/---

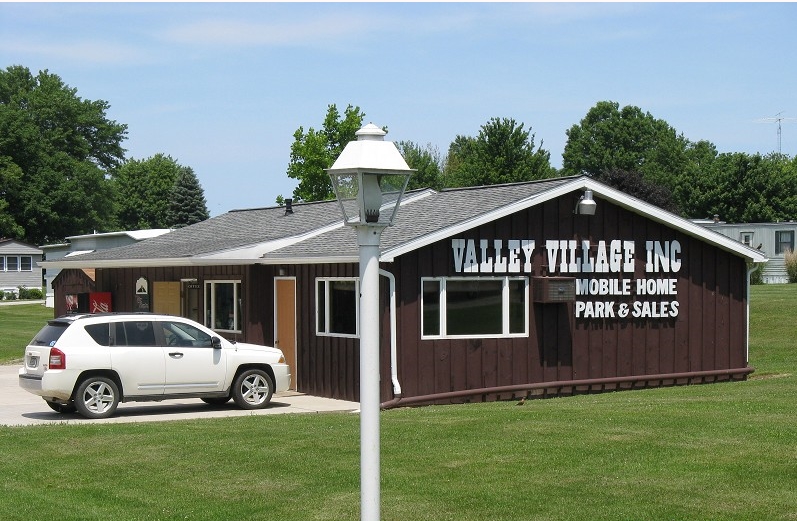 Foto principal - Valley Village Mobile Home Community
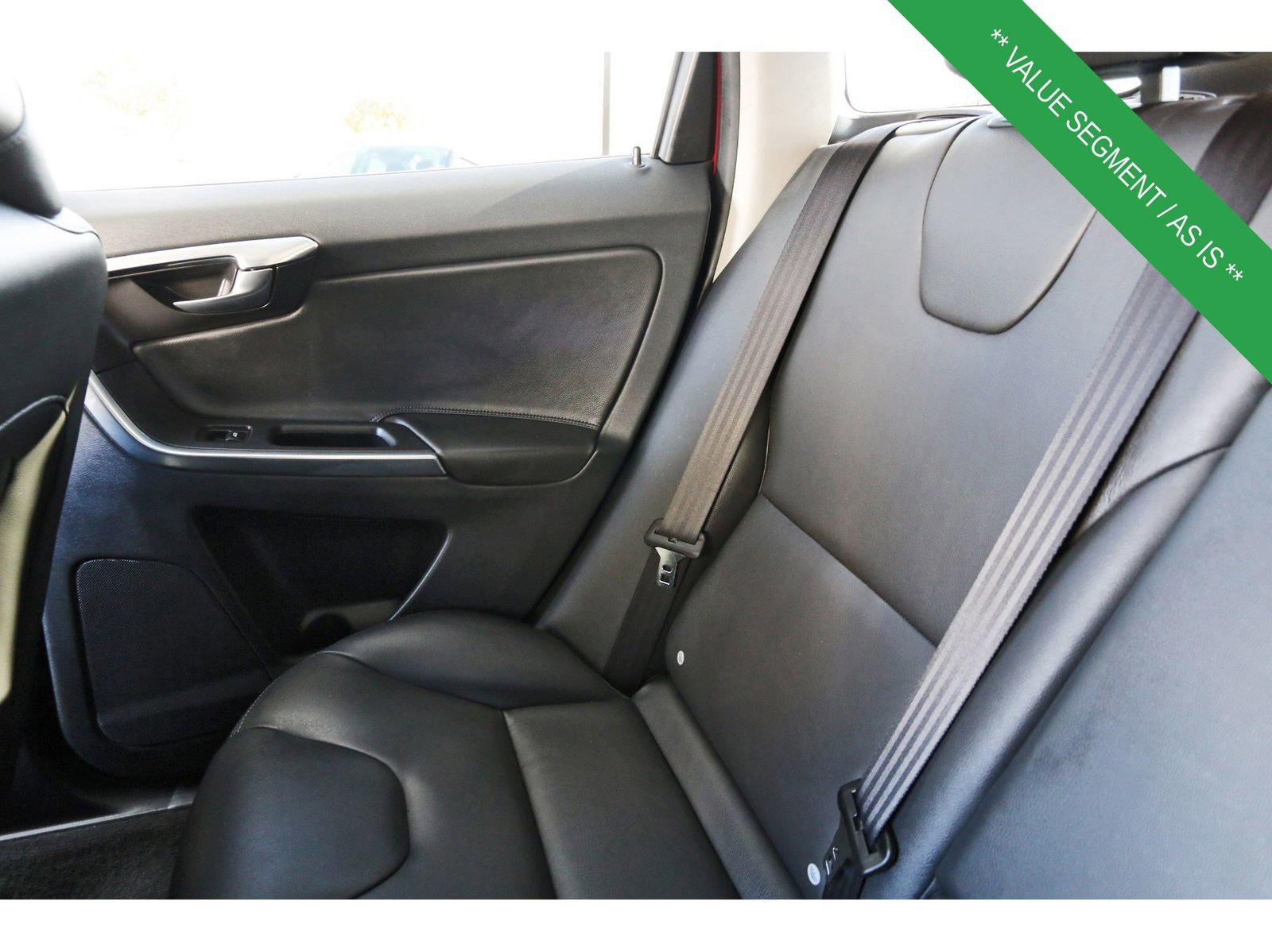 Used 2016 Volvo XC60 T5 Platinum image 14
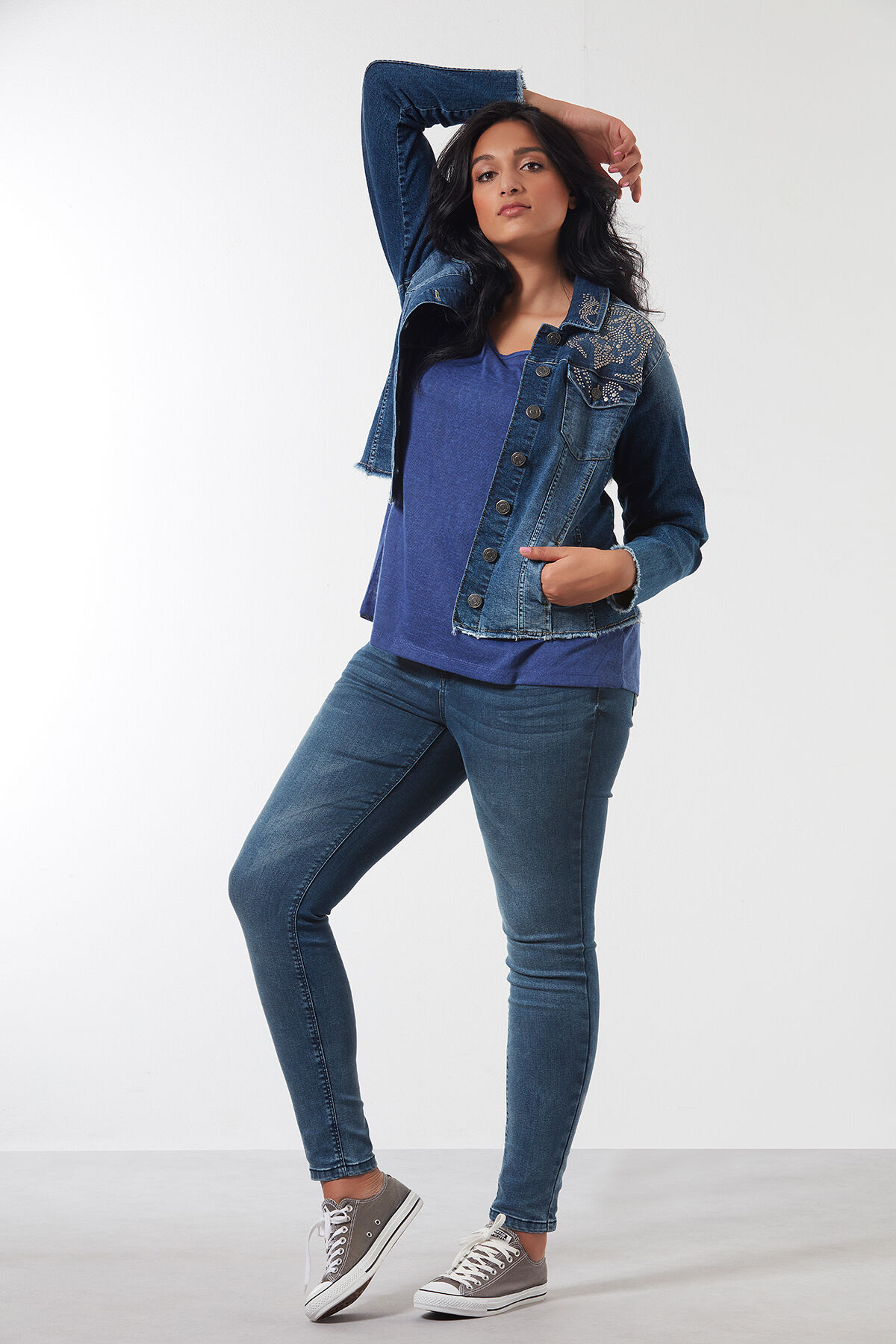 Chaqueta vaquera con tachuelas image number 4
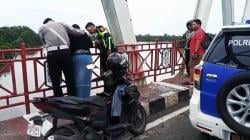 Perempuan Diduga Depresi Hendak Terjun di Jembatan Kahayan Dievakuasi Petugas 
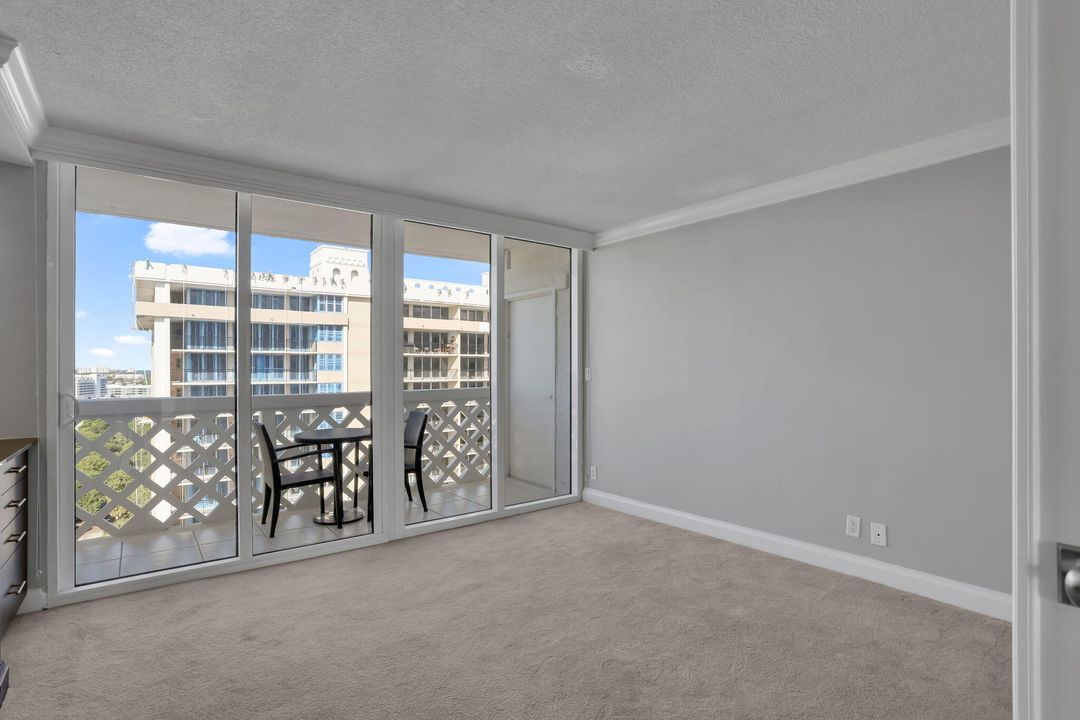 For Sale: $1,150,000 (3 beds, 2 baths, 2006 Square Feet)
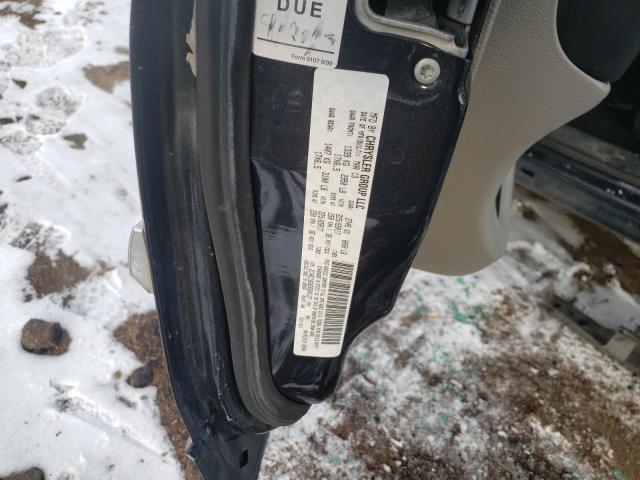 Photo 14 from auction – 2013 CHRYSLER TOWN & COU with VIN 2C4RC1BG8DR684127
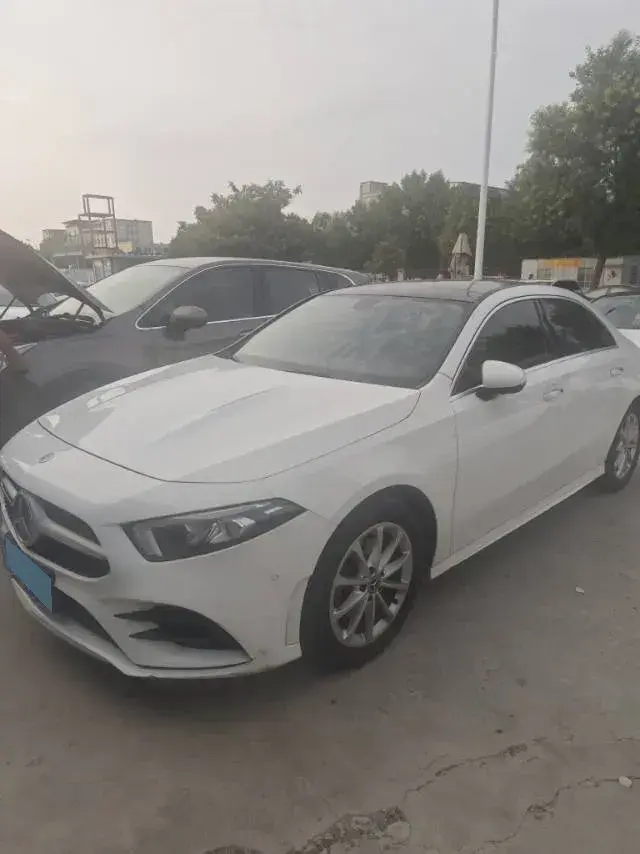 2021 Mercedes-Benz A Class 1.3T 163HP L4 7DCT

\---

Write out the material above exactly. Skip the pictures.

 Foto principal - Valley Village Mobile Home Community
 Used 2016 Volvo XC60 T5 Platinum image 14
 Chaqueta vaquera con tachuelas image number 4
 Perempuan Diduga Depresi Hendak Terjun di Jembatan Kahayan Dievakuasi Petugas 
 For Sale: $1,150,000 (3 beds, 2 baths, 2006 Square Feet)
 Photo 14 from auction – 2013 CHRYSLER TOWN & COU with VIN 2C4RC1BG8DR684127
 2021 Mercedes-Benz A Class 1.3T 163HP L4 7DCT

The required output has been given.